Your task:
Please retype every record below exactly, leaving the pictures out.

Supplied material:
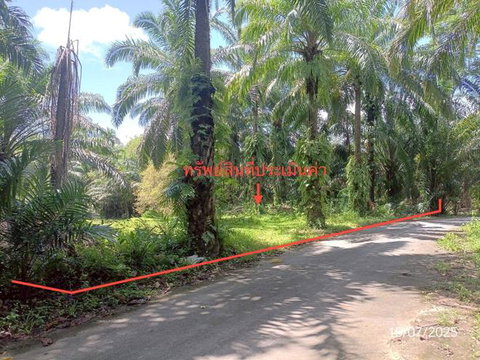 ที่ดินว่างเปล่า 279.8 ตร.วา วังวิเศษ ตรัง 504,000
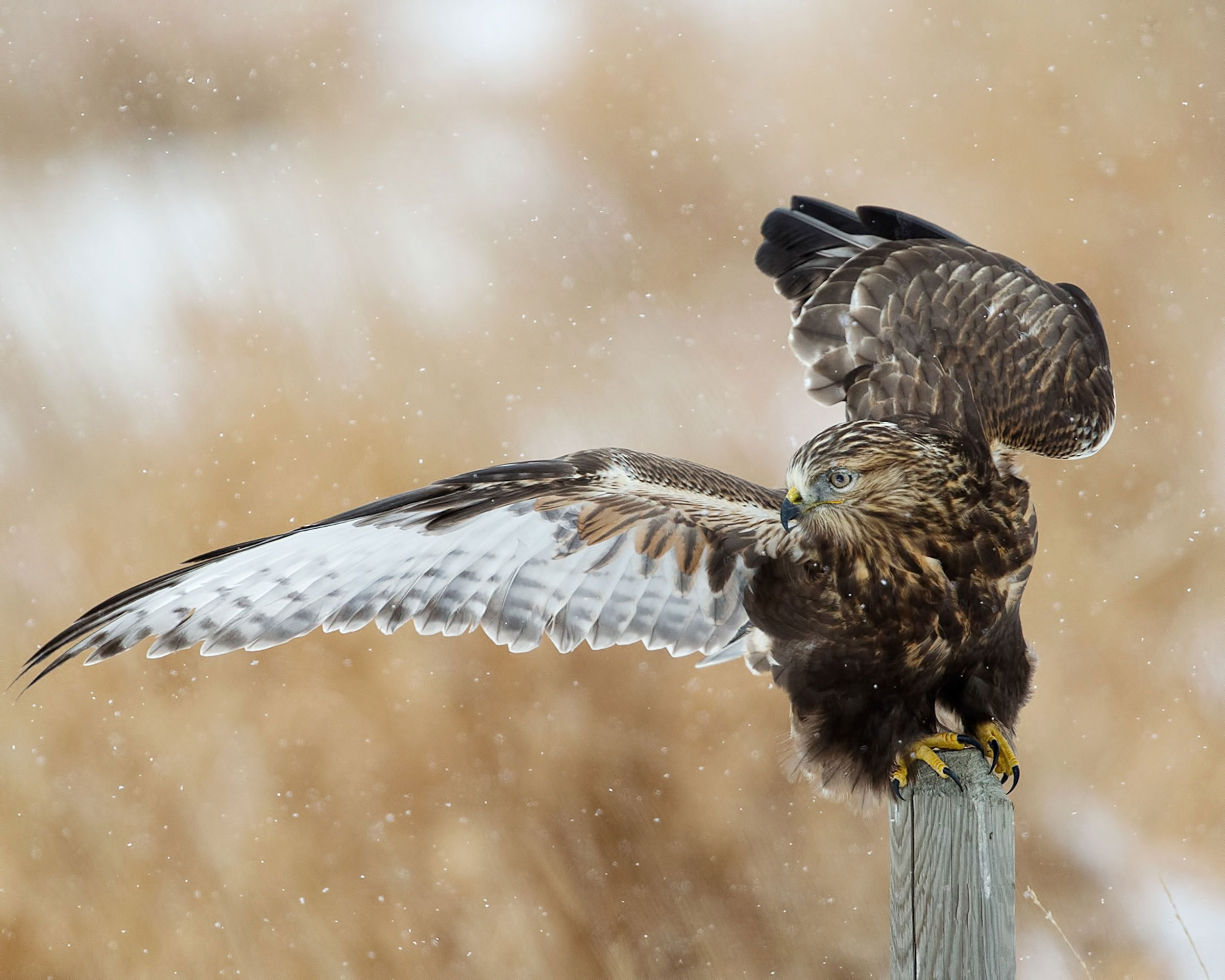 Rough-legged Hawk. Harry Colquhoun/Audubon Photography Awards
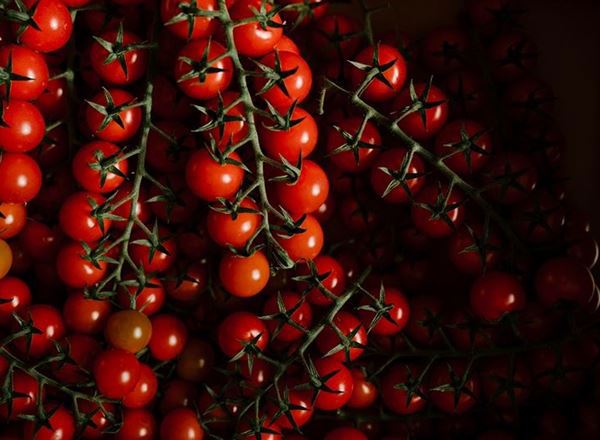 IOW Cherry Tomatoes  organic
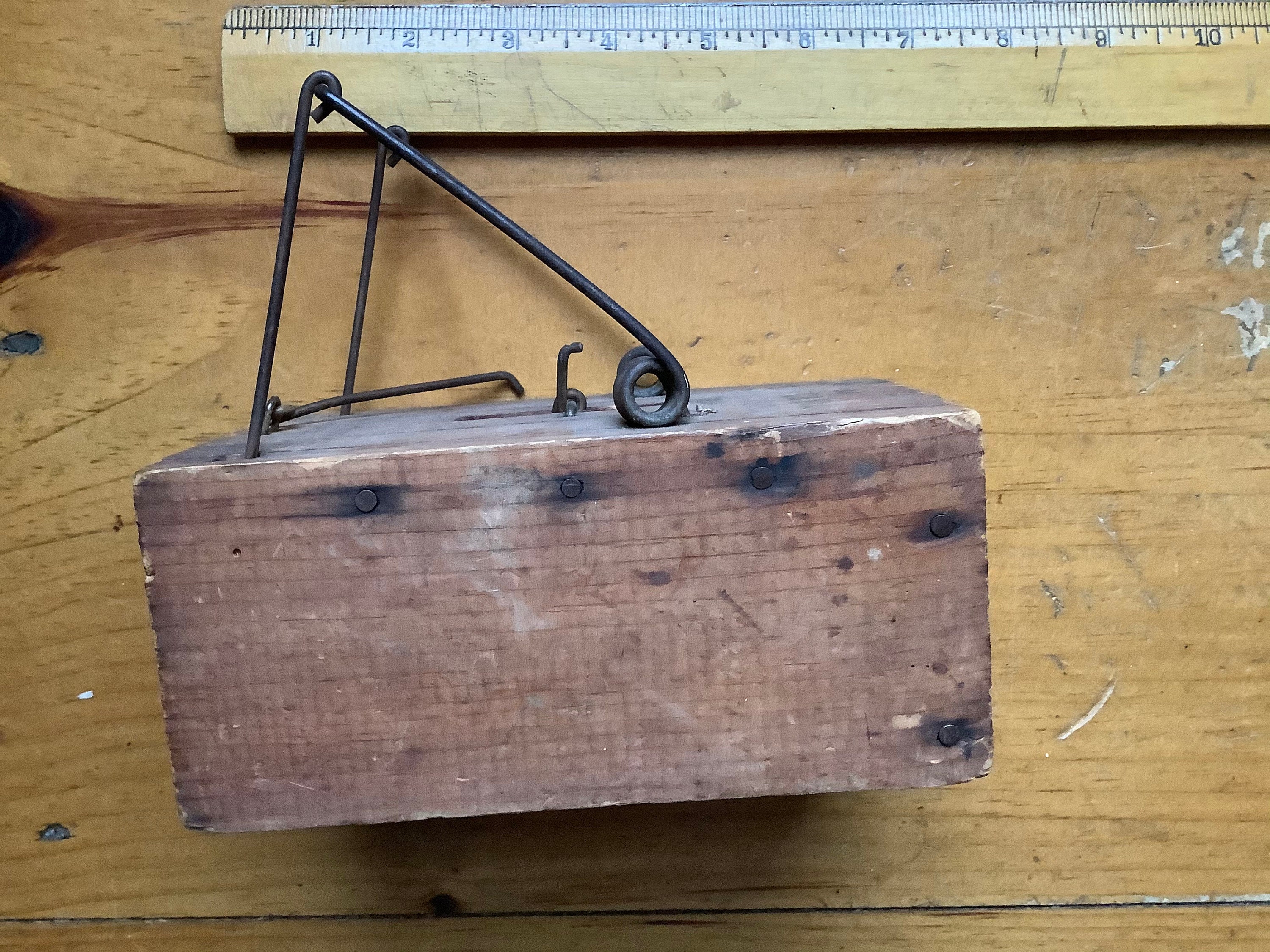 Antique California Pocket Gopher Trap 1900 by Animal Trap Co. Etsy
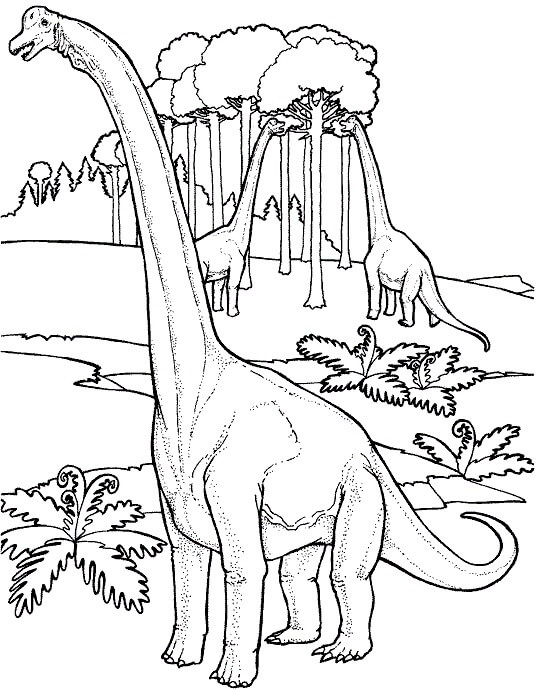 Dinosaur coloring pages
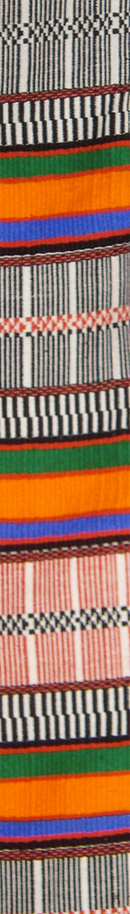 Nigerdiaspora_2011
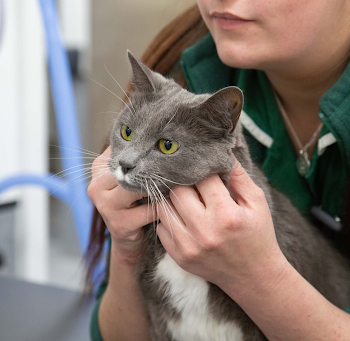 Caring Beyond Companionship: The Role of Neutering in Feline Well-Being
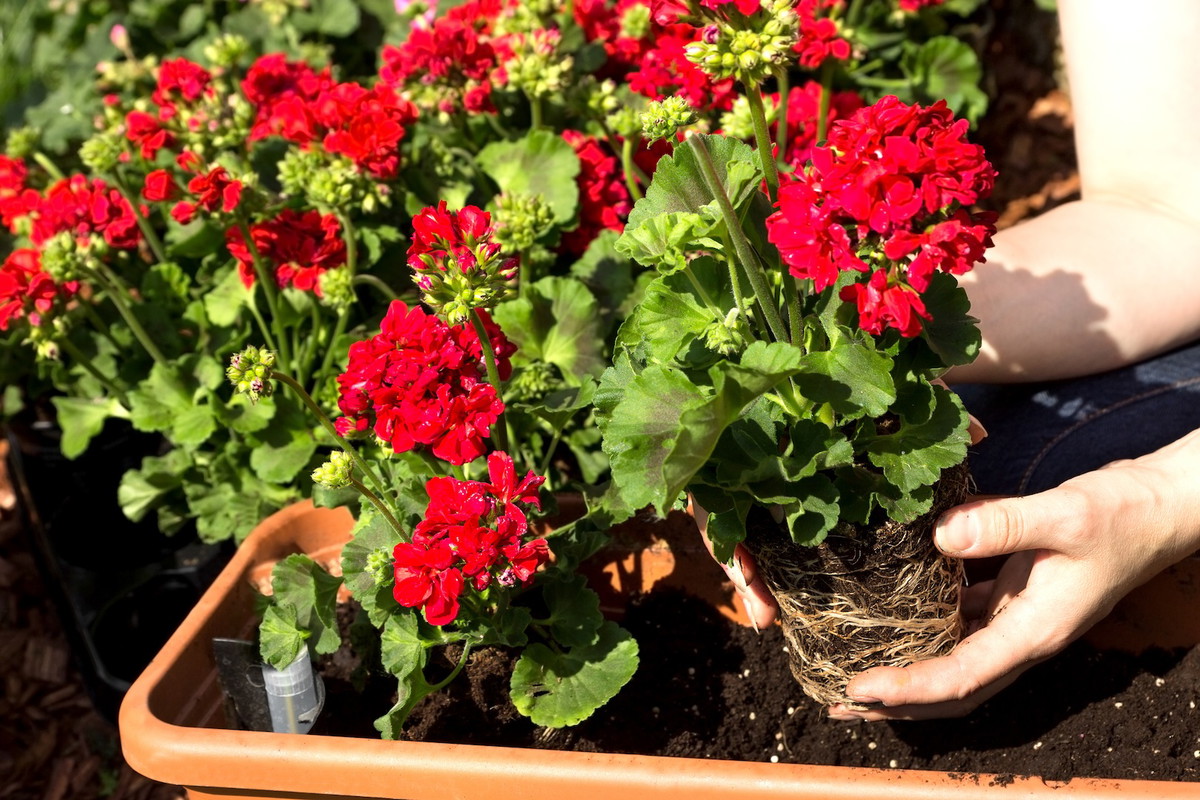 Przesadzając rośliny nie nawoźmy ich od razu! Choć może się wydawać, że przyśpieszamy tak proces ukorzeniania, jest wręcz odwrotnie. Wstrzymajmy się z zasilaniem do czasu aż kwiaty się ukorzenią, następuje to 2-3 tygodnie od posadzenia. (zdj.: Adobe Stock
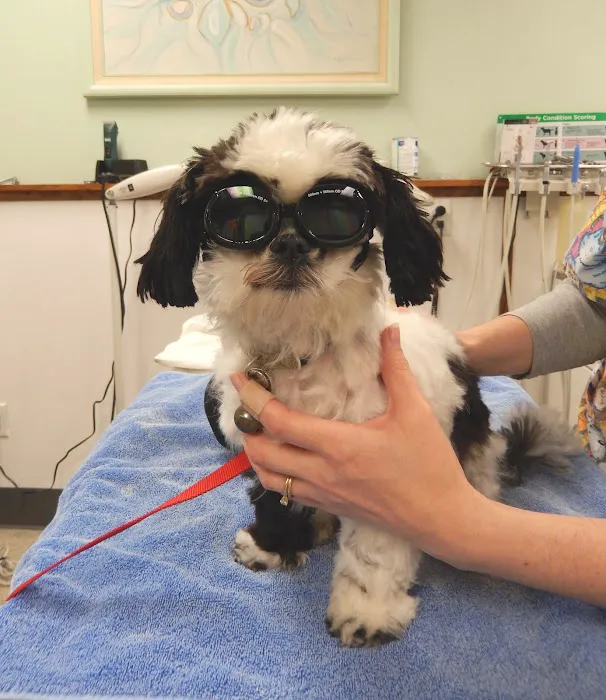 Southern Hills Veterinary Hospital Picture 1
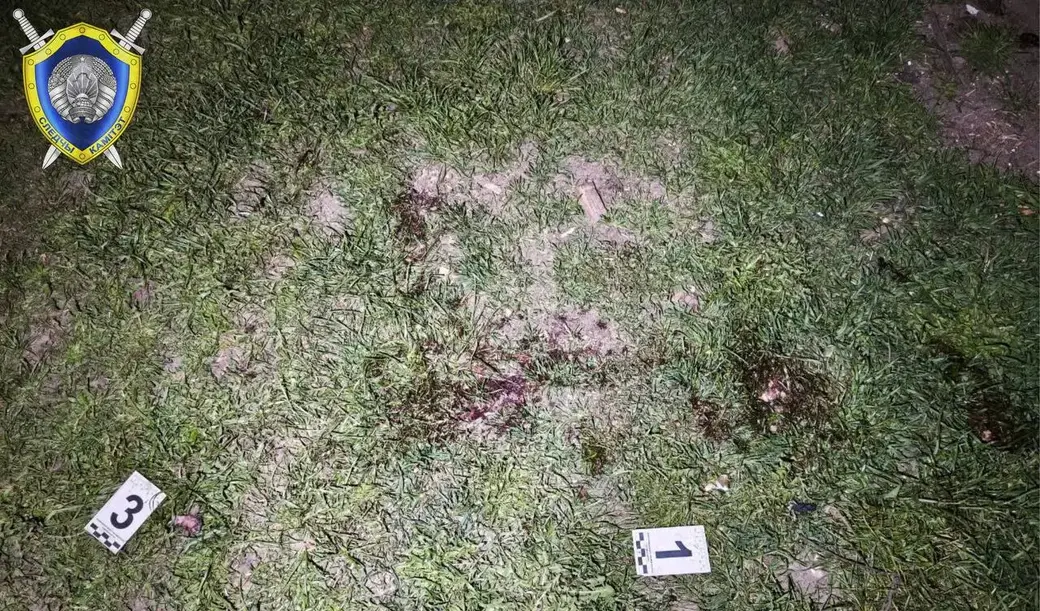 4 апреля 2025 года. В агрогородке Страдечь Брестского района произошел взрыв неустановленного боеприпаса. Фото СК.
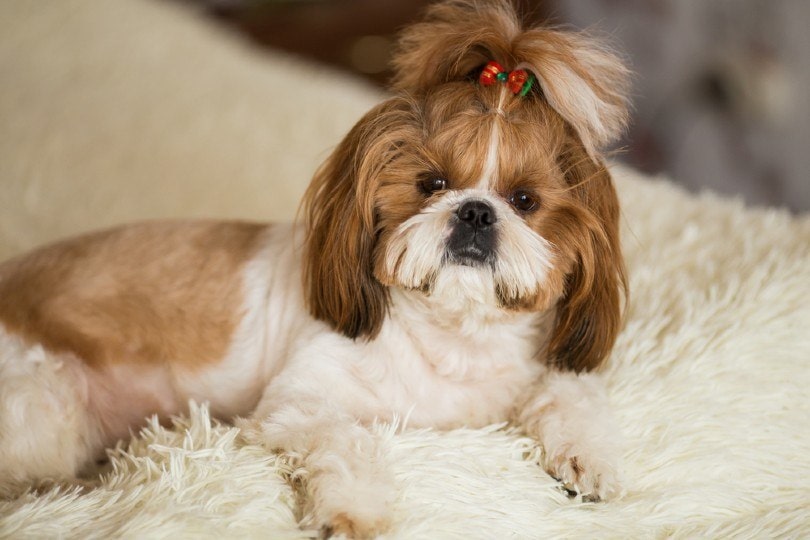 shih tzu with a practical top knot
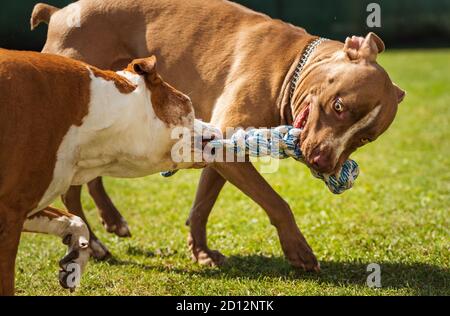 Two dogs amstaff terrier playing tug of war outside. Stock Photo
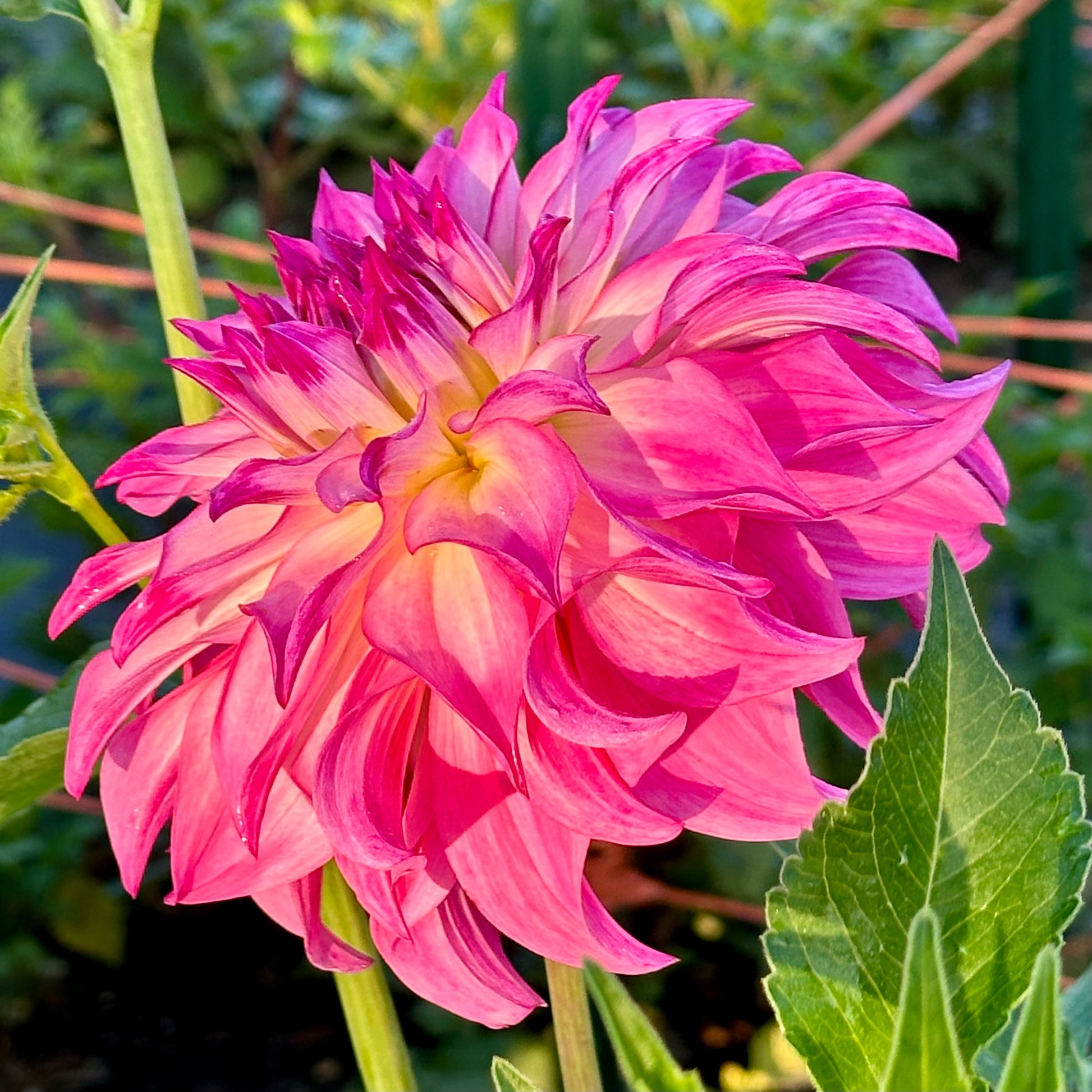 A profile view of Colorado Classic dahlia growing in the field at Brainy and The Beard Bloomstead. 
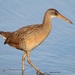 Clapper Rail - Photo (c) Bala, all rights reserved, uploaded by Bala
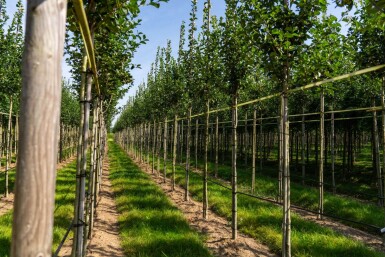 Crataegus crus-galli haute-tige 6/8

Response below:
 ที่ดินว่างเปล่า 279.8 ตร.วา วังวิเศษ ตรัง 504,000
 Rough-legged Hawk. Harry Colquhoun/Audubon Photography Awards
 IOW Cherry Tomatoes  organic
 Antique California Pocket Gopher Trap 1900 by Animal Trap Co. Etsy
 Dinosaur coloring pages
 Nigerdiaspora_2011
 Caring Beyond Companionship: The Role of Neutering in Feline Well-Being
 Przesadzając rośliny nie nawoźmy ich od razu! Choć może się wydawać, że przyśpieszamy tak proces ukorzeniania, jest wręcz odwrotnie. Wstrzymajmy się z zasilaniem do czasu aż kwiaty się ukorzenią, następuje to 2-3 tygodnie od posadzenia. (zdj.: Adobe Stock
 Southern Hills Veterinary Hospital Picture 1
 4 апреля 2025 года. В агрогородке Страдечь Брестского района произошел взрыв неустановленного боеприпаса. Фото СК.
 shih tzu with a practical top knot
 Two dogs amstaff terrier playing tug of war outside. Stock Photo
 A profile view of Colorado Classic dahlia growing in the field at Brainy and The Beard Bloomstead. 
 Clapper Rail - Photo (c) Bala, all rights reserved, uploaded by Bala
 Crataegus crus-galli haute-tige 6/8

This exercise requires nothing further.